Degrees are a human invention: the Babylonians divided a circle into 360 parts because 360 has many factors. Radians, by contrast, are inherent to the mathematics of circles and periodic functions.

The key evidence for naturalness: the derivative of sin(x) is cos(x) ONLY when x is measured in radians. If x were in degrees, the derivative would be (π/180)cos(x) — an ugly constant appears. All of calculus becomes cleaner in radians. Similarly, the Taylor series sin(x) = x − x³/6 + x&sup5;/120 − … and the formula e^(iπ) + 1 = 0 all require radian measure.

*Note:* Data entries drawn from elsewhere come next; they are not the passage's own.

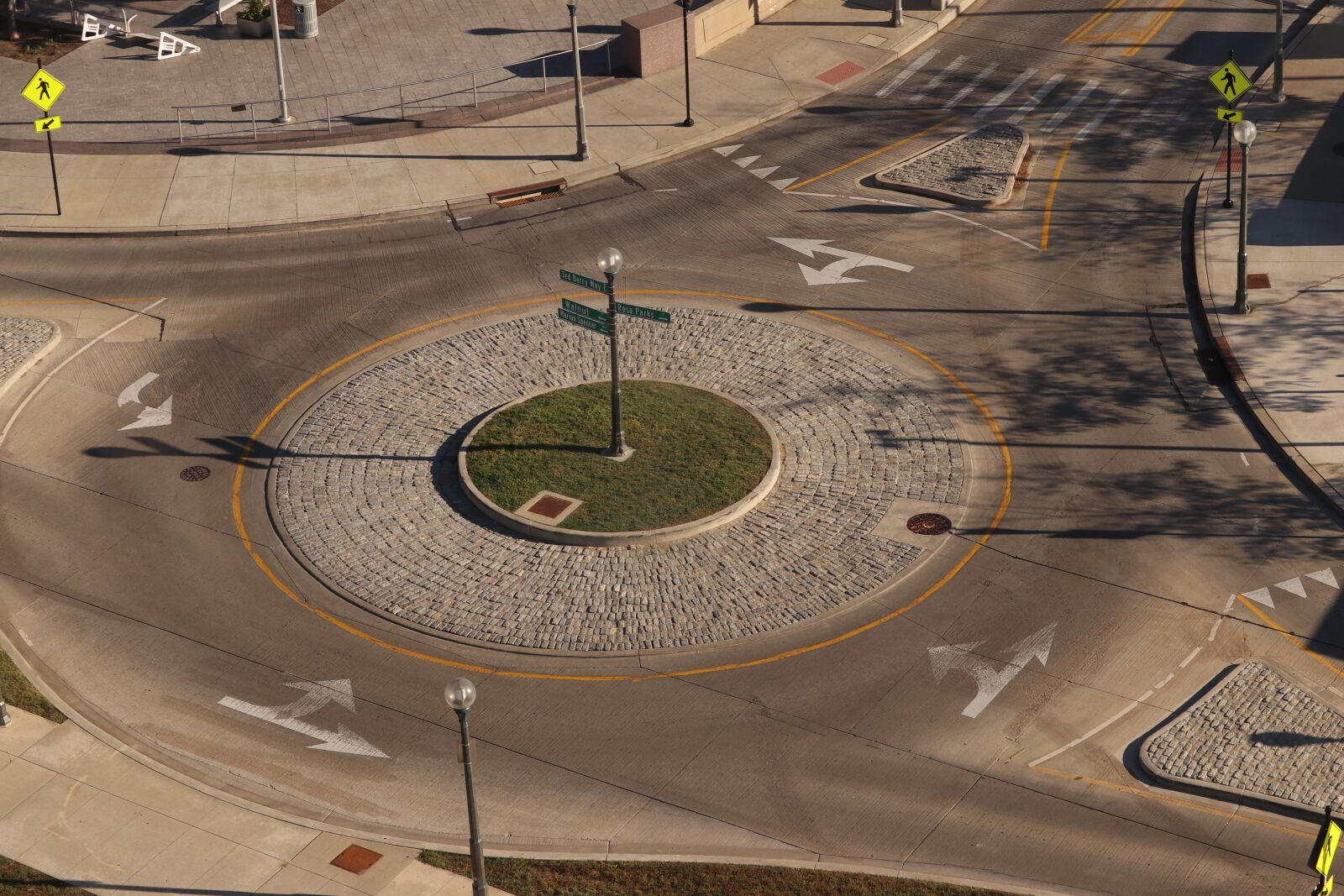 Canon EF-S 55-250mm F4-5.6 IS STM sample photo. Roundabout, street, traffic photography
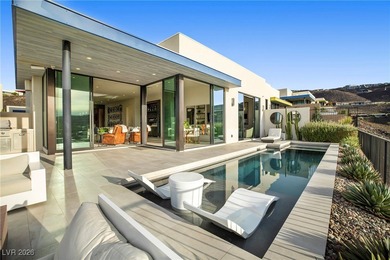 Beautiful modern one story townhouse at MacDonald Highlands with on Dragon Ridge Country Club in Nevada - for sale on GolfHomes.com, golf home, golf lot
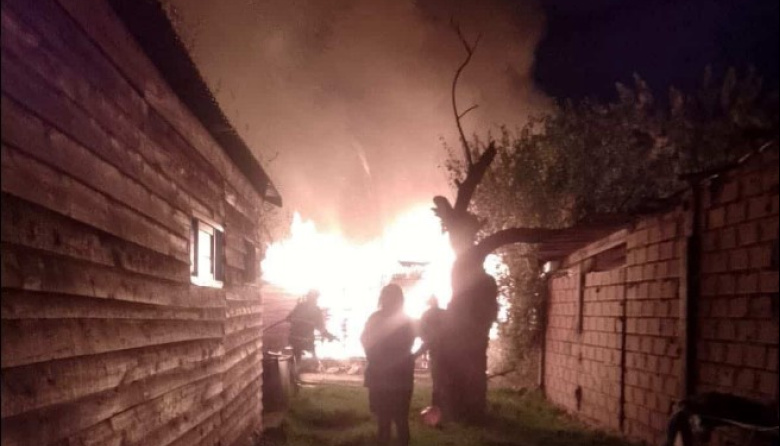 Voraz incendio destruyó tres casillas en Melchor Romero y dejó pérdidas totales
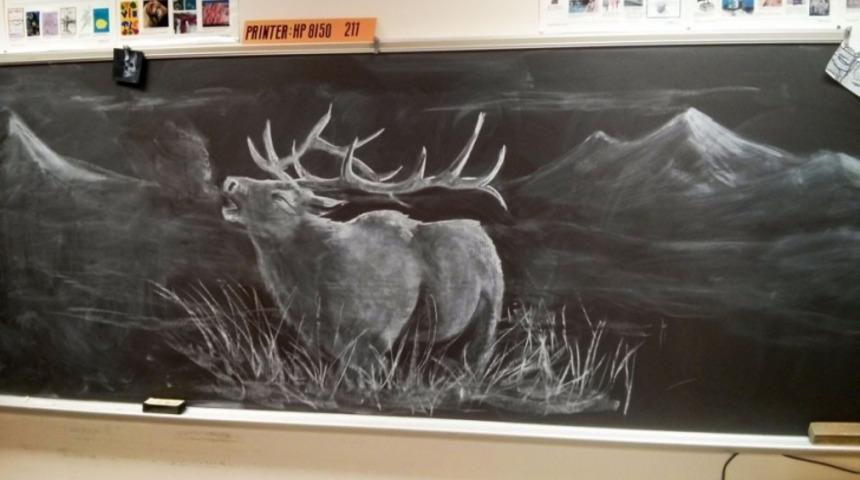 Bu Resim Hocası &Ouml;ğrencilerine İlham Vermek İ&ccedil;in Harika Bir Yol Se&ccedil;miş!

From Year 12 onwards, angles in mathematics are always in radians unless explicitly stated otherwise.

Conversion: Degrees to Radians and Back

Since π rad = 180°: to convert degrees to radians, multiply by π/180. To convert radians to degrees, multiply by 180/π.

A useful memory technique: degrees → radians = multiply by π/180 (“divide by 180 and multiply by π”); radians → degrees = multiply by 180/π (“multiply by 180 and divide by π”).

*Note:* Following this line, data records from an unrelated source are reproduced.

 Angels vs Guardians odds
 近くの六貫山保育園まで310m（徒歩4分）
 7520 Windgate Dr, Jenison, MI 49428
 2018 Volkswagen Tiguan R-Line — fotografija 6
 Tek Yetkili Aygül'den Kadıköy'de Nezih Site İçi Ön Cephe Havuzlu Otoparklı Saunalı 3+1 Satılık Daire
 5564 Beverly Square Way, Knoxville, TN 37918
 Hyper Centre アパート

Common conversions to know without calculation: 30° = π/6, 45° = π/4, 60° = π/3, 90° = π/2, 120° = 2π/3, 180° = π, 270° = 3π/2, 360° = 2π. Deriving these is faster than using the formula each time.

Arc Length: s = rθ

The formula s = rθ (arc length = radius × angle in radians) comes from proportionality. In a full circle (angle 2π), the arc is the full circumference 2πr. For angle θ, the arc is the fraction θ/(2π) of the full circumference: s = (θ/(2π)) × 2πr = rθ. This derivation shows why θ must be in radians — the proportionality only works when the angle is measured in radians, the natural unit of angle.

The formula is beautifully simple: arc length equals radius times angle. A radian is exactly the angle that makes arc length equal radius (s = r × 1 = r). This is the definition of radian restated algebraically.

Sector Area: A = ½r²θ

Similarly, a sector of angle θ is the fraction θ/(2π) of the full circle: A = (θ/(2π)) × πr² = ½r²θ. This derivation requires θ in radians. Alternatively: A = ½ × r × s = ½ × r × rθ = ½r²θ (area of a sector as base-times-height divided by 2, where the “base” is the arc and the “height” is the radius — an analogy with triangle area ½bh).

An important extension: the area of a circular segment (the region between a chord and its arc) equals the area of the sector minus the area of the triangle. Aseg = ½r²θ − ½r²sin(θ) = ½r²(θ − sinθ).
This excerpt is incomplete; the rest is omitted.